1. ## Joint pdf Problem??

Let T1 and T2 be random times for a company to complete two steps in a certain process. Say T1 and T2 are measured in days and they have the joint p.d.f. that is uniform over the space 1 < t1 < 10, 2 < t2 < 6, t1 + 2t2 < 14. What is the P( T1 + T2 > 10)?
Thanks

2. Originally Posted by jojo_jojo
Let T1 and T2 be random times for a company to complete two steps in a certain process. Say T1 and T2 are measured in days and they have the joint p.d.f. that is uniform over the space 1 < t1 < 10, 2 < t2 < 6, t1 + 2t2 < 14. What is the P( T1 + T2 > 10)?
Thanks
The line T1+ 2T2= 14 is a diagonal of the rectangle with vertices (1,2), (10, 4), (10,6), and (1,6). The joint p.d.f is a constant, 1 over area of the triangle with vertices (1,2), (10,4), and (1,6).

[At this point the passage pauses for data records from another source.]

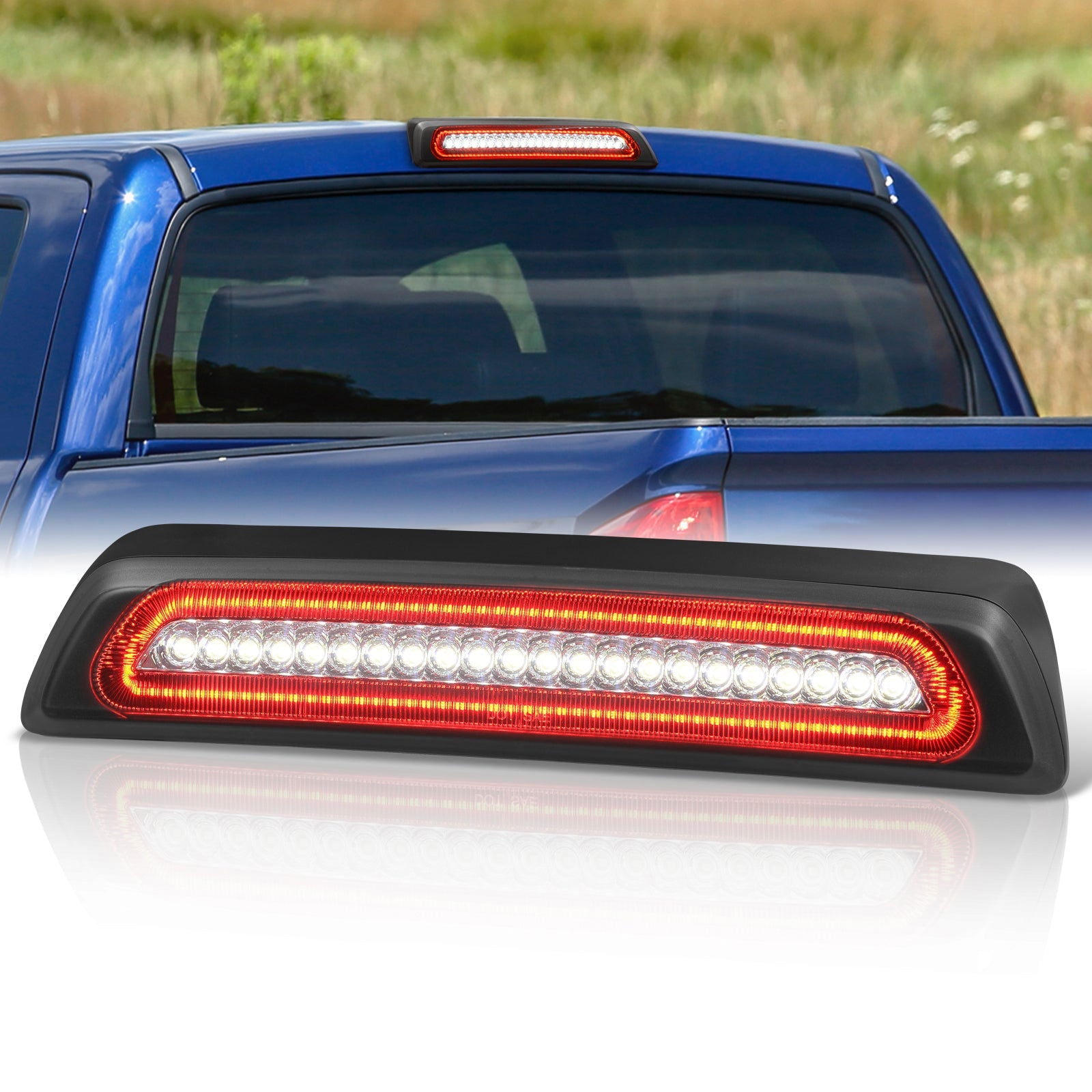 Toyota Tundra 2007-2021 Strobe LED 3rd Brake Light Chrome Housing Smoke Len - Parts Agent
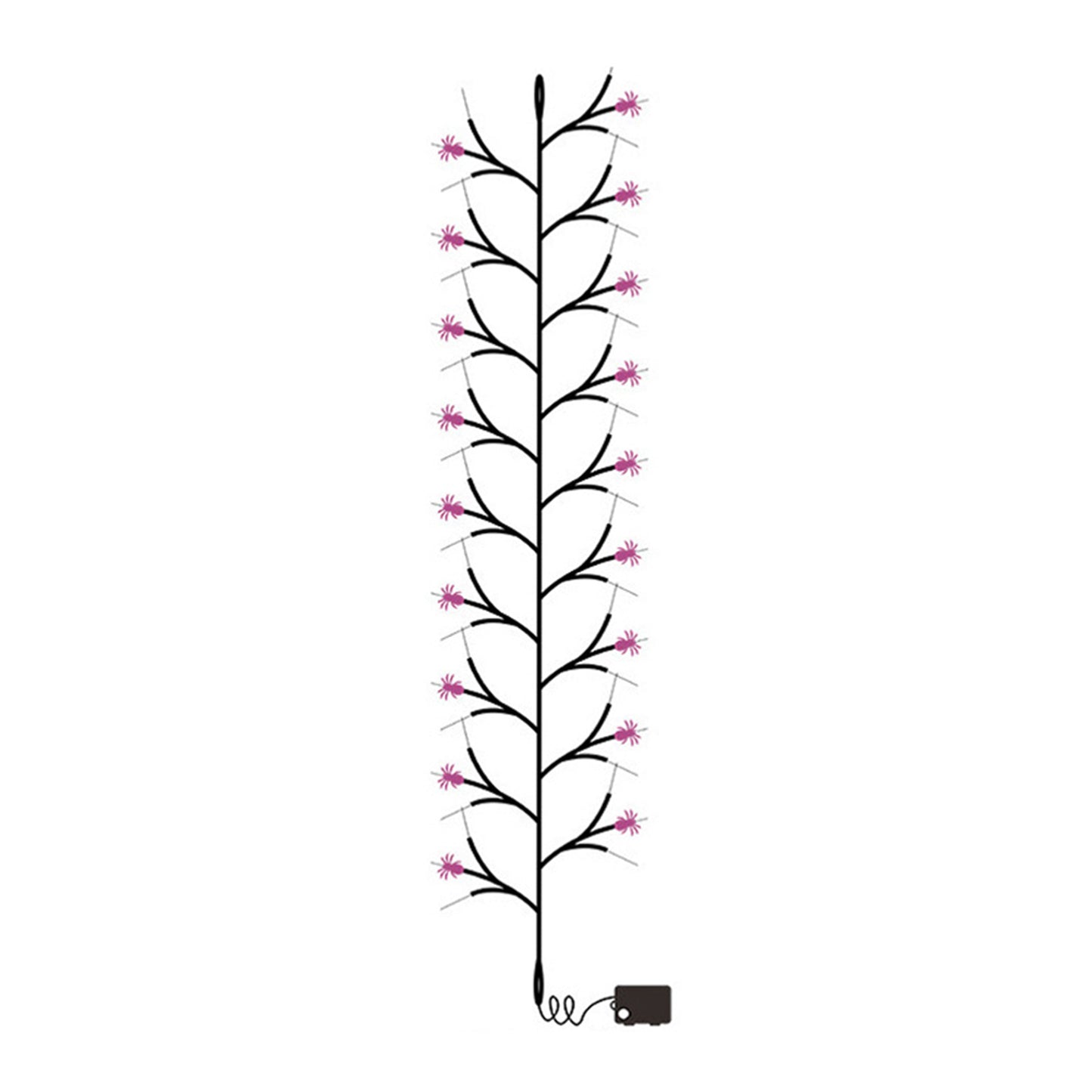 Halloween Willow Vine Twig Decoration Lights-Spider Branch Light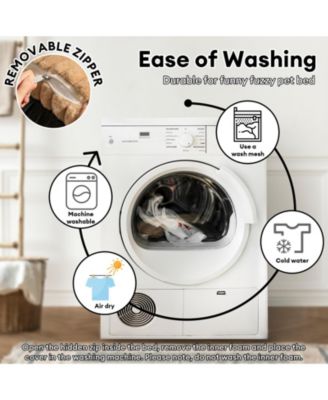 Washable Fluffy Dog Sofa Bed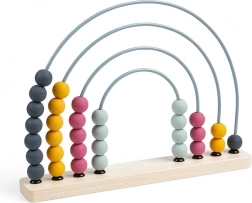 Træ regnebue-abacus BIGJIGS TOYS
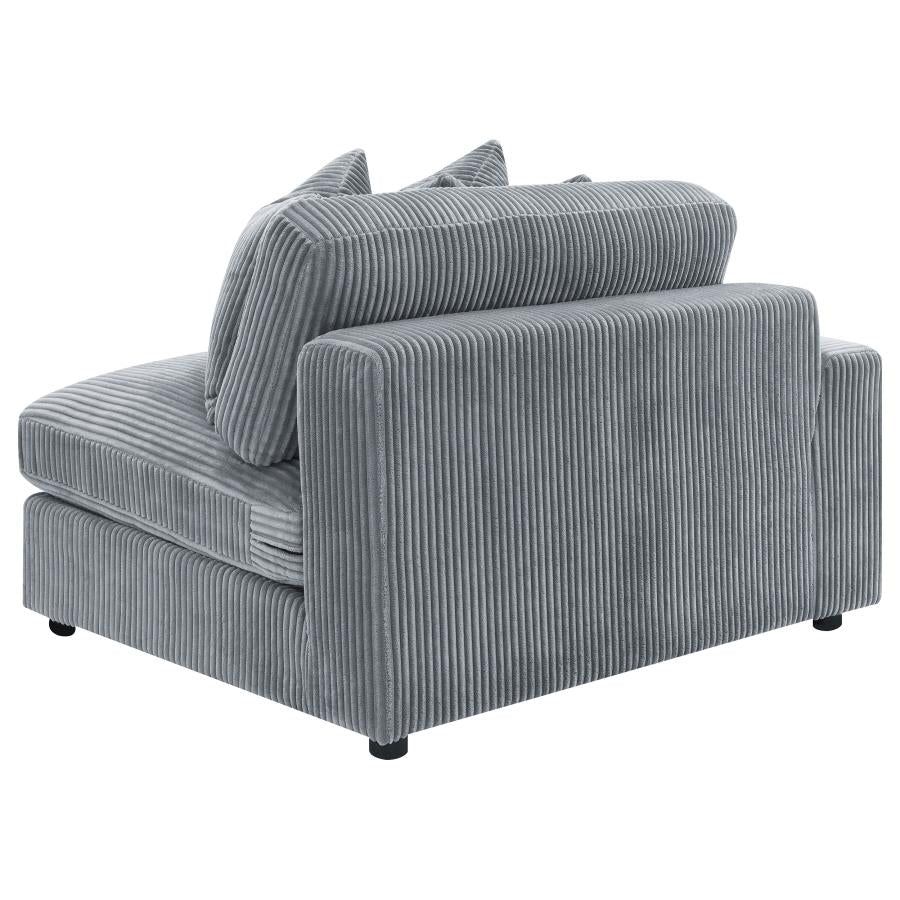 Blaine Upholstered Reversible Chaise Sectional Sofa Fog - Home & Sleep Outlet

Graph that region and the line T1+ T2= 10. That will cut the region above in two points, where T1+ T2= 10 intersects T1+ 2T2= 15, and where T1+ T2= 10 intersects T2= 2. P(T1+T2> 10) is the constant above multiplied by the area of the triangle with those two points and (10, 2) as vertices.

3. Thanks for the quick reply, but would you please explain your answer a little bit. I mean I understand how you got the 3 vertices, but couldn't understand how you got (10,4). Second, I also unable to understand last 2 lines.

5. Ya now it makes sense, would you please explain your this statement (I think here 15 is typo) also:

Graph that region and the line T1+ T2= 10. That will cut the region above in two points, where T1+ T2= 10 intersects T1+ 2T2= 15, and where T1+ T2= 10 intersects T2= 2. P(T1+T2> 10) is the constant above multiplied by the area of the triangle with those two points and (10, 2) as vertices.

Thanks

6. Did you draw a picture? This is why you studied geometry and the calculus of multiple variables. Don't let the opportunity get away!

The area of the entire region:

$\int_{1}^{2}6-2\;d(t1) + \int_{2}^{10}(7-\frac{t1}{2}) - 2\;d(t1)$